# Import necessary packages

In [1]:
import os
import sys
import math
import numpy as np
import pandas as pd
from tqdm import tqdm
import datetime
from pprint import pprint
import matplotlib.pyplot as plt
import matplotlib.dates as mdates
from pathlib import PurePath
import warnings
warnings.filterwarnings("ignore")

# Defining the parameter space

- threshold: [1, 2, 4] (representing 1/2/4 times the experimental area radius for wind transpose model)
- ignore_duration: [30, 60, 120] (indicating event lengths below 30/60/120 seconds to be ignored)
- short_stack: [0, 1] (0 for analyzing all experimental dates, 1 for analyzing only the short stack scenario)

In [2]:
threshold = [1, 2, 4]
ignore_duration = [30, 60, 120]
short_stack = [0, 1]

inputs = [
    [1, 60, 0],
    [2, 60, 0],
    [4, 60, 0]
]

print("Input Parameters:")
print("{:<20} {:<20} {:<20}".format('Threshold', 'Ignore Duration', 'Short Stack'))
for i in inputs:
    print("{:<20} {:<20} {:<20}".format(i[0], i[1], i[2]))

Input Parameters:
Threshold            Ignore Duration      Short Stack         
1                    60                   0                   
2                    60                   0                   
4                    60                   0                   


# Load Confusion Matrix for Reliability metrics

For bellow inputs, load the data for the Event-based Confusion Matrix for metrics 
    "TP(%)",
    "FP(%)",
    "FN(%)",
    "TN(%)",
    "sample_size",
    "FPR(%)",
    "TPR(%)",
    "TNR(%)",
    "FNR(%)",
    "Accuracy(%)",
    "Precision(%)"
| threshold | ignore_duration | short_stack |
| :-: | :-: | :-: |
| 1 | 60 | 0 | 
| 2 | 60 | 0 |
| 4 | 60 | 0 |


In [3]:
data_dir = PurePath("../../results/03_DetectionAnalysis", "Time-based ConfusionMatrix")
path_pattern = "threshold={}xradius_duration={}xseconds.csv"

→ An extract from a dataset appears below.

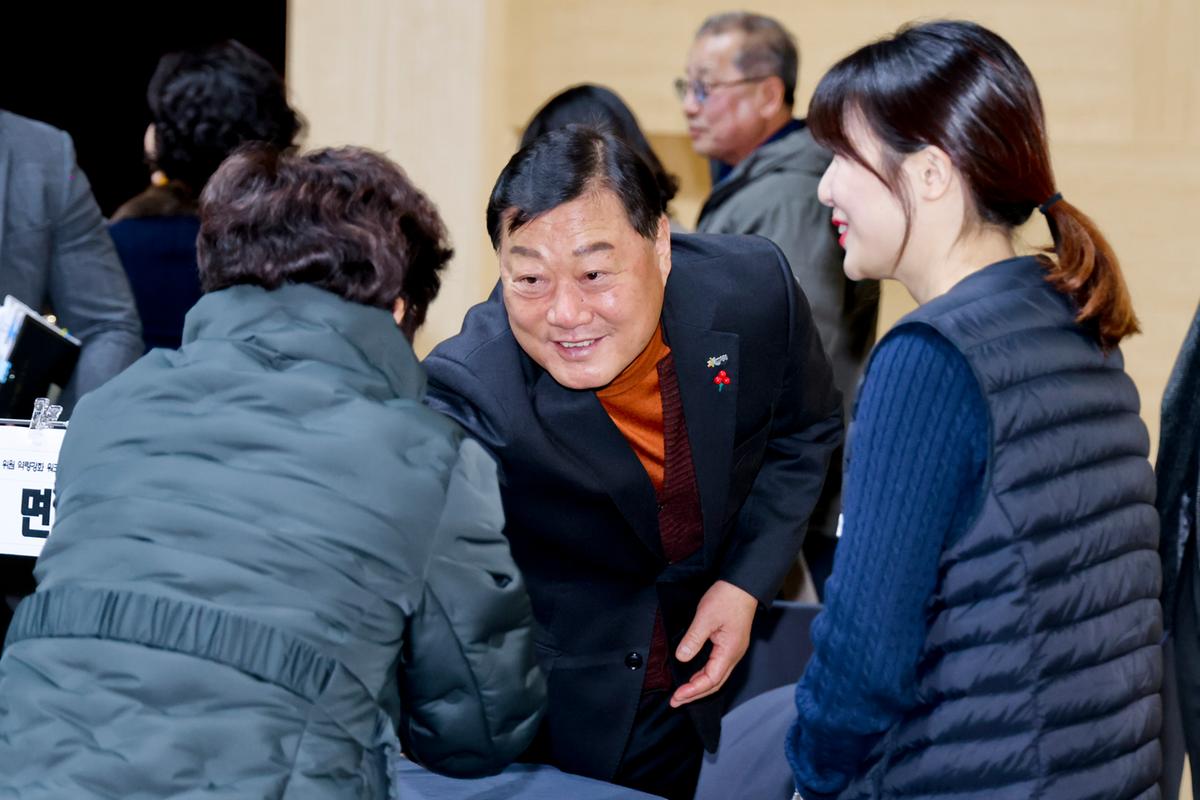 합천군 지역사회보장협의체 역량강화 워크숍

sensor_names = ["Andium", "Canary", "Ecoteco", "Kuva", "Oiler", "Qube", "Sensirion", "Soofie"]

def get_time_based_difference(data_dir, path_pattern_inputs, sensor_names):
    """
    Get the time-based difference of the confusion matrix.
    Args:
        data_dir: The directory of the confusion matrix.
        path_pattern_inputs: The input parameters of the confusion matrix.
        sensor_names: The sensor names.
    Returns:
        The time-based difference of the confusion matrix.
    """
    difference_dict = {}
    for sensor_name in sensor_names:
        difference_dict[sensor_name] = pd.DataFrame(
            columns=["threshold", "samples", "TP(%)", "FP(%)", "FN(%)", "TN(%)", 
                     "TPR(%)", "FPR(%)", "FNR(%)", "TNR(%)", "Accuracy(%)", "Precision(%)" ]
                     )
    for input in inputs:
        threshold = input[0]
        ignore_duration = input[1]
        short_stack = input[2]

        print("Threshold: {}, Ignore Duration: {}, Short Stack: {}".format(threshold, ignore_duration, short_stack))

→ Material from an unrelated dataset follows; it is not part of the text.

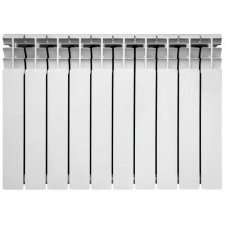 Фото - Біметалевий радіатор Santerra THERMO 500/96 (кратно 10) Біметалевий радіатор Santerra THERMO 500/96 (кратно 10)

        if short_stack == 0:
            pre_str = ""
        else:
            pre_str = "ss"

        df_time_based = pd.read_csv(os.path.join(data_dir, path_pattern.format(threshold, ignore_duration, pre_str)))
        for sensor_name in sensor_names:
            print("\t Sensor: {}".format(sensor_name))
            samples = df_time_based[df_time_based["Sensor"] == sensor_name]["sample_size"].values[0]
            TP = df_time_based[df_time_based["Sensor"] == sensor_name]["TP(%)"].values[0]
            FP = df_time_based[df_time_based["Sensor"] == sensor_name]["FP(%)"].values[0]
            FN = df_time_based[df_time_based["Sensor"] == sensor_name]["FN(%)"].values[0]
            TN = df_time_based[df_time_based["Sensor"] == sensor_name]["TN(%)"].values[0]

            TPR = df_time_based[df_time_based["Sensor"] == sensor_name]["TPR(%)"].values[0]
            FPR = df_time_based[df_time_based["Sensor"] == sensor_name]["FPR(%)"].values[0]
            FNR = df_time_based[df_time_based["Sensor"] == sensor_name]["FNR(%)"].values[0]
            TNR = df_time_based[df_time_based["Sensor"] == sensor_name]["TNR(%)"].values[0]

            Accuracy = df_time_based[df_time_based["Sensor"] == sensor_name]["Accuracy(%)"].values[0]
            Precision = df_time_based[df_time_based["Sensor"] == sensor_name]["Precision(%)"].values[0]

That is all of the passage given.